L’IA au secours de la fatigue des RSSI

« Cependant, certains défis liés aux recrutements dans les entreprises sont auto-imposés », a tempéré M. Sandhu, car selon lui, les entreprises ne font pas grand-chose pour remédier à la charge de travail, et au burnout qui en résulte, qui pousse bon nombre de leurs professionnels de la cybersécurité à chercher ailleurs. Une récente enquête de l'IANS a révélé que 53 % des responsables de la cybersécurité envisageaient de quitter leur poste. « La pression et l'environnement très stressant de la cybersécurité entraînent un épuisement professionnel important, rendant même les offres compétitives moins attrayantes », a pointé M. Sandhu. « Les entreprises doivent s'attaquer à la fois au déficit de compétences et à la culture qui pousse leurs atouts les plus précieux à partir. » Pour aider à résoudre le premier problème, M. Sandhu suggère aux RSSI de repenser leurs sources de recrutement pour les postes liés à la cybersécurité. « Les personnes ayant des compétences en analyse, en pensée systémique ou en analyse comportementale peuvent rapidement acquérir les compétences nécessaires pour occuper des postes dans le domaine de la cybersécurité », a-t-il ajouté.

Michelle Abraham, directrice de recherche senior chez IDC, estime que l'IA contribuera à réduire considérablement l'épuisement professionnel dans le domaine de la sécurité au cours des deux prochaines années, ce qui pourrait aider à répondre aux préoccupations de personnel des RSSI en matière. « Certes, de nombreux rapports font encore état de fatigue professionnel et d'un taux de rotation élevé, et de nombreuses initiatives ont été prises ces dernières années pour mettre en place davantage de programmes de formation », fait remarquer Mme Abraham. « Le burnout de ces professionnels est en partie dû au fait qu’ils doivent effectuer des tâches très répétitives.
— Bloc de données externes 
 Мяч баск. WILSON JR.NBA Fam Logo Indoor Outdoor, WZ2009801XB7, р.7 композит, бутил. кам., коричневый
L'IA, capable de trier ces tâches, sera d'une aide précieuse. » Gary Longsine, CEO d'IllumineX, estime pour sa part que, même si la pénurie de talents est incontestable, ses conséquences pratiques sont souvent amplifiées par les parties prenantes. « La pénurie de personnel est considérablement exagérée par des entreprises comme Accenture, essentiellement pour faire peur aux DSI », a-t-il affirmé.